You actually don't need to see which output is equal to 1. Once you've trained your network up to a specific error level, when you present the inputs, just look for the maximum output in your output later. For example, let's say your output layer presents the following output: [0.0001, 0.00023, 0.0041, 0.99999412, 0.0012, 0.0002], then the runner that won the race is runner number 4.
So yes, your network will "learn" to produce 1, but it won't exactly be 1. This is why you train to within a certain error rate. I recently created a neural network to recognize handwritten digits, and this is the method that I used. In my output layer, I have a vector with 10 components. The first component represents 0, and the last component represents 9. So when I present a 4 to the network, I expect the output vector to look like [0, 0, 0, 0, 1, 0, 0, 0, 0, 0]. Of course, it's not what I get exactly, but it's what I train the network to provide. So to find which digit it is, I simply check to see which component has the highest output or score.
Now in your second question, I believe you're asking how the network would learn to provide the correct answer? To do this, you need to provide your network with some training data and train it until the output is under a certain error threshold. So what you need is a set of data that contains the inputs and the correct output. Initially your neural network will be set up with random weights (there are some algorithms that help you select better weights to minimize training time, but that's a little more advanced). Next you need a way to tell the neural network to learn from the data provided. So basically you give the data to the neural network and it provides an output, which is highly likely to be wrong. Then you compare that data with the expected (correct) output and you tell the neural network to update its weights so that it gets closer to the correct answer. You do this over and over again until the error is below a certain threshold.

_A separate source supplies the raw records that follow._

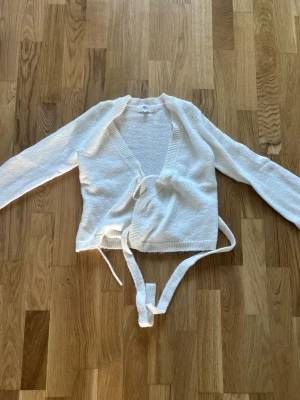 Vit omlottstickad tröja - Säljer en vit stickad omlottopp med långa ärmar och knytband i midjan. 💕 Använd men har inga defekter 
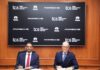 TCS y Porsche se unen para transformar la movilidad inteligente mediante IA y la adquisición de MHP Fotografía institucional de K. Krithivasan y el Dr. Michael Leiters sentados en una mesa de reuniones de madera con bolígrafos en la mano para la firma de un documento corporativo. En el fondo se aprecia una pantalla que muestra repetidamente los logotipos oficiales de Tata Consultancy Services, TATA y Porsche.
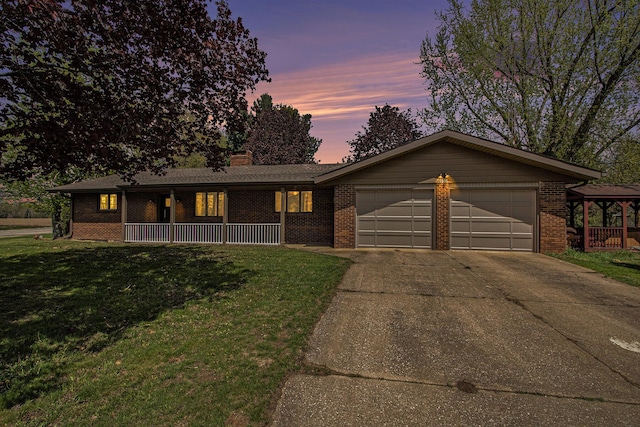 ranch-style house featuring covered porch, a garage, brick siding, and concrete driveway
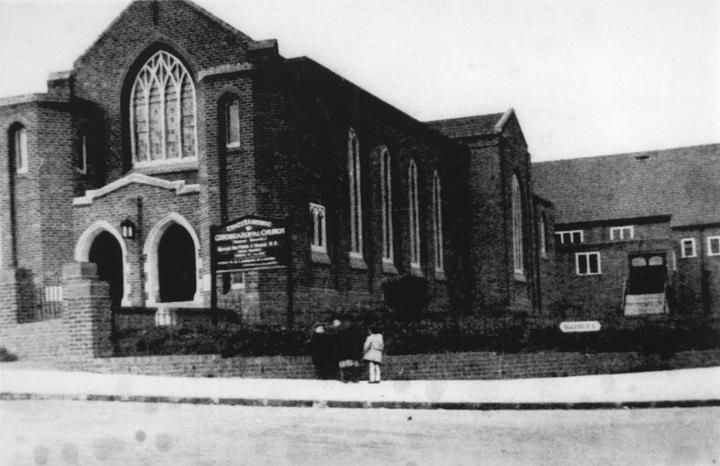 A brick Gothic-style church with arched entrance doors and a large pointed window, with a notice board outside.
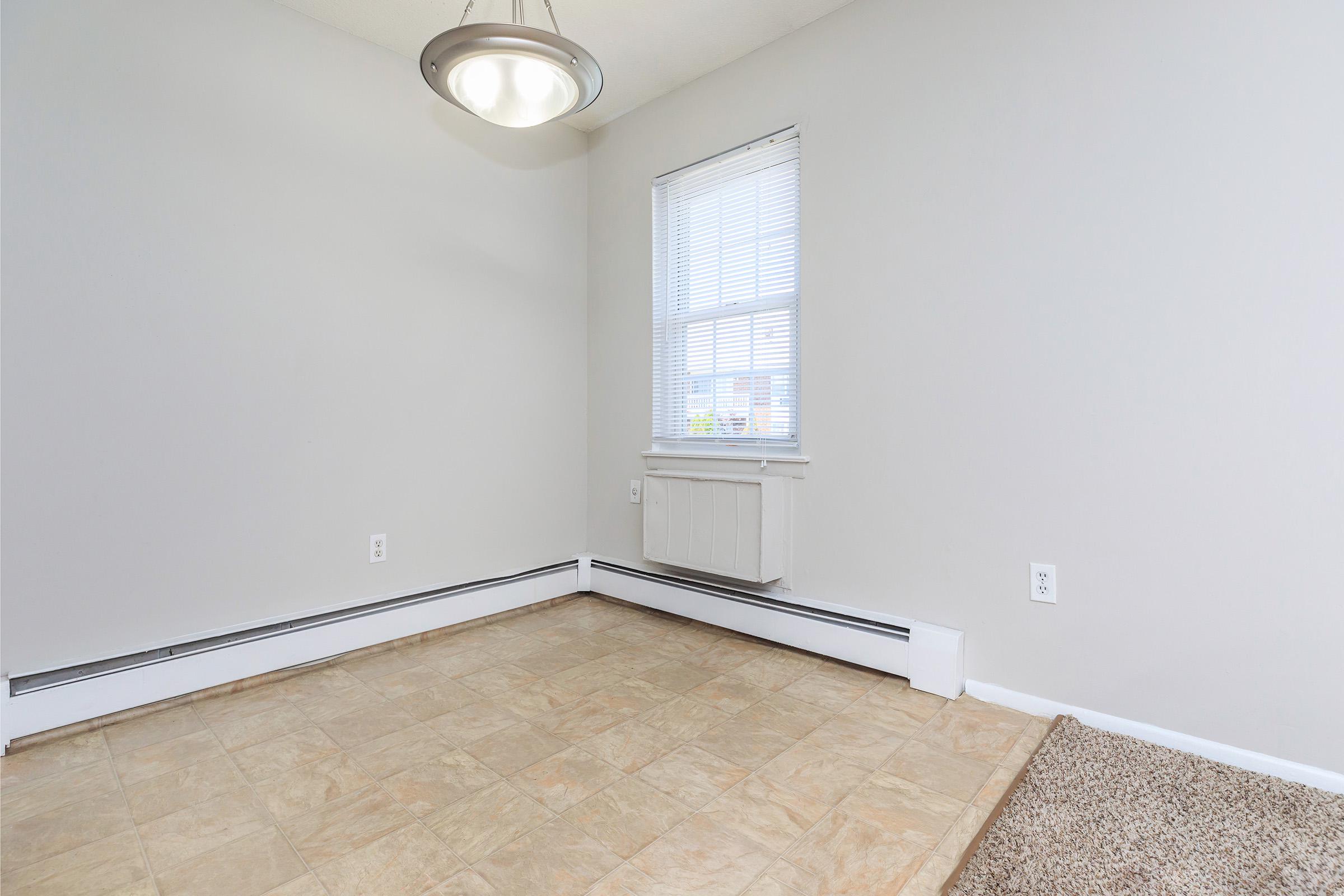 a bedroom with a large window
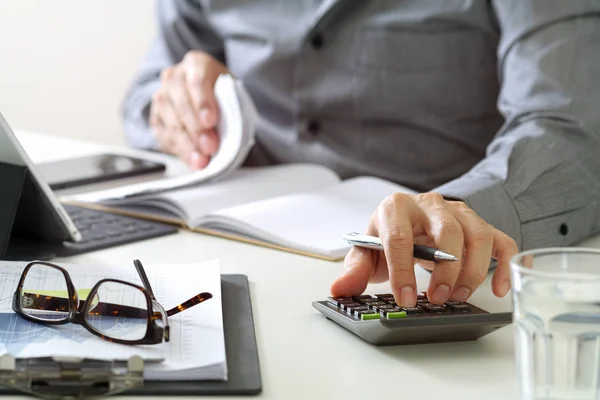 Affärsman hand arbetar med finanser om kostnads- och kalkylator — Stockfoto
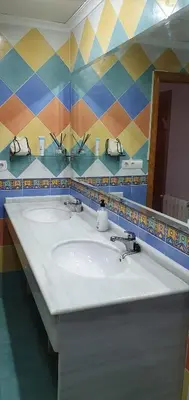 a bathroom with two sinks and a mirror at Maravisa in Puebla de Vallbona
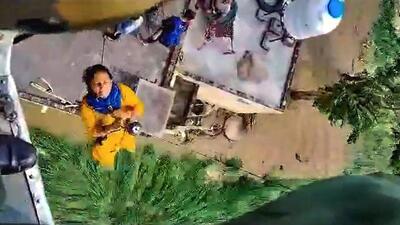A video grab of a woman being rescued by the Indian Air Force during an operation to evacuate stranded residents in flood-hit Kangra district on Wednesday. (PTI Photo) A video grab of a woman being rescued by the Indian Air Force during an operation to evacuate stranded residents in flood-hit Kangra district on Wednesday. (PTI Photo)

The easiest way to do this is to implement the stochastic backpropagation algorithm. In this algorithm, you calculate the error between the actual output of the neural network and the expected output. Then you backpropagate the error from the output layer all the way up to the weights to the hidden layer, adjusting the weights as you go. Then you repeat this process until the error that you calculate is below a certain threshold. So during each step, you're getting closer and closer towards your solution.

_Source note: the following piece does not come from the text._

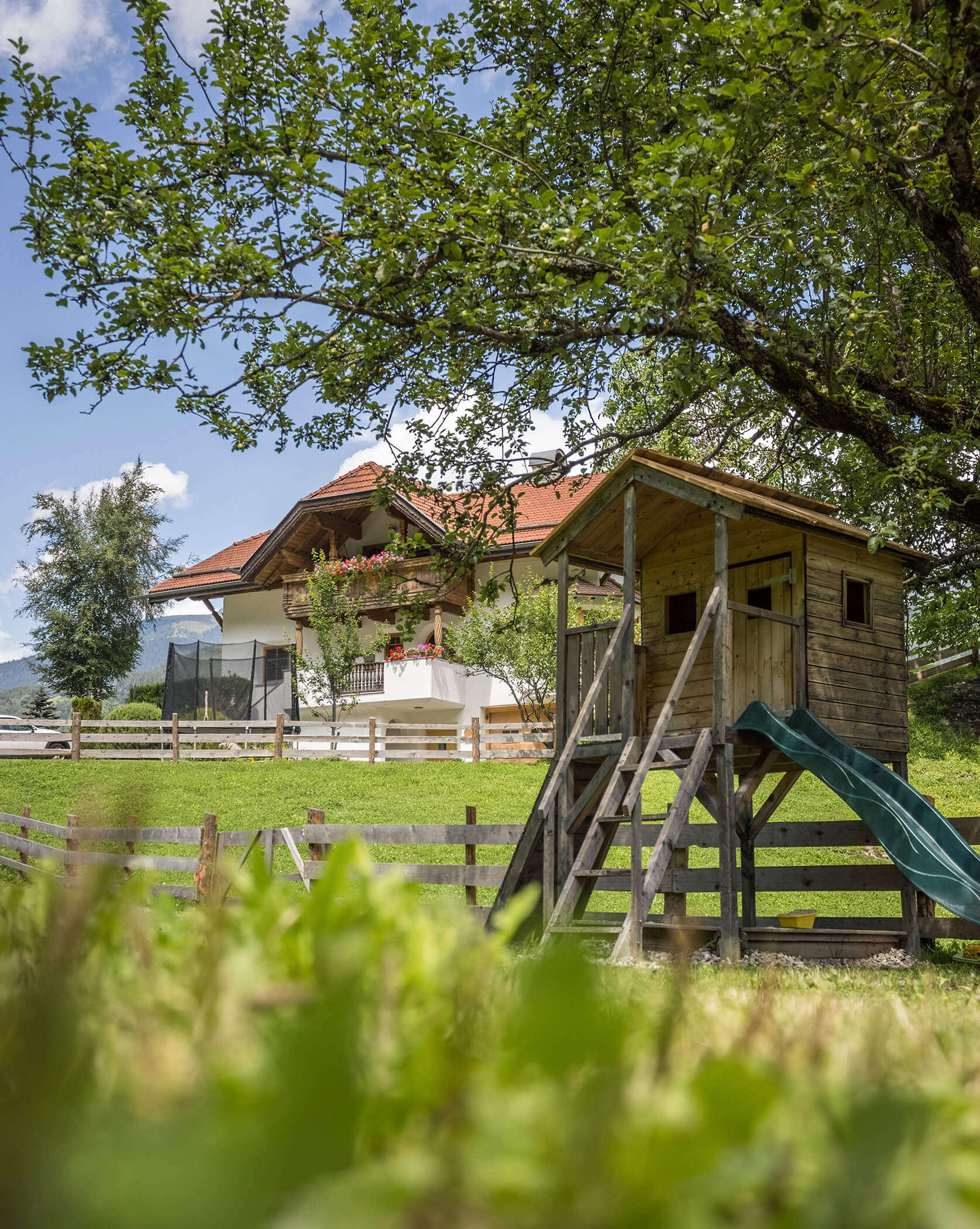 Ein Baumhaus mit Rutsche und im Hintergrund der Oberplunerhof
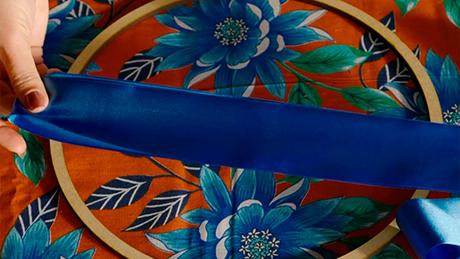 Uma pessoa estica uma fita azul sobre bastidor de tecido pra criar adorno de festa junina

You can use the algorithm described here. There is a decent amount of math involved, so be prepared for that! If you want to see an example of an implementation of this algorithm, you can take a look at this Java code that I have on github. The code uses momentum and a simple form of simulated annealing as well, but the standard backpropagation algorithm should be easily discernible. The Wikipedia article on backpropagation has a link to an implementation of the backpropagation algorithm in Python.
You're probably not going to understand the algorithm immediately; expect to spend some time understanding it and working through some of the math. I sat down with a pencil and paper as I was coding, and that's how I eventually understood what was going on.
Here are a few resources that should help you understand backpropagation a little better:
The learning process: backpropagation
Error backpropagation
If you want some more resources, you can also take a look at my answer here.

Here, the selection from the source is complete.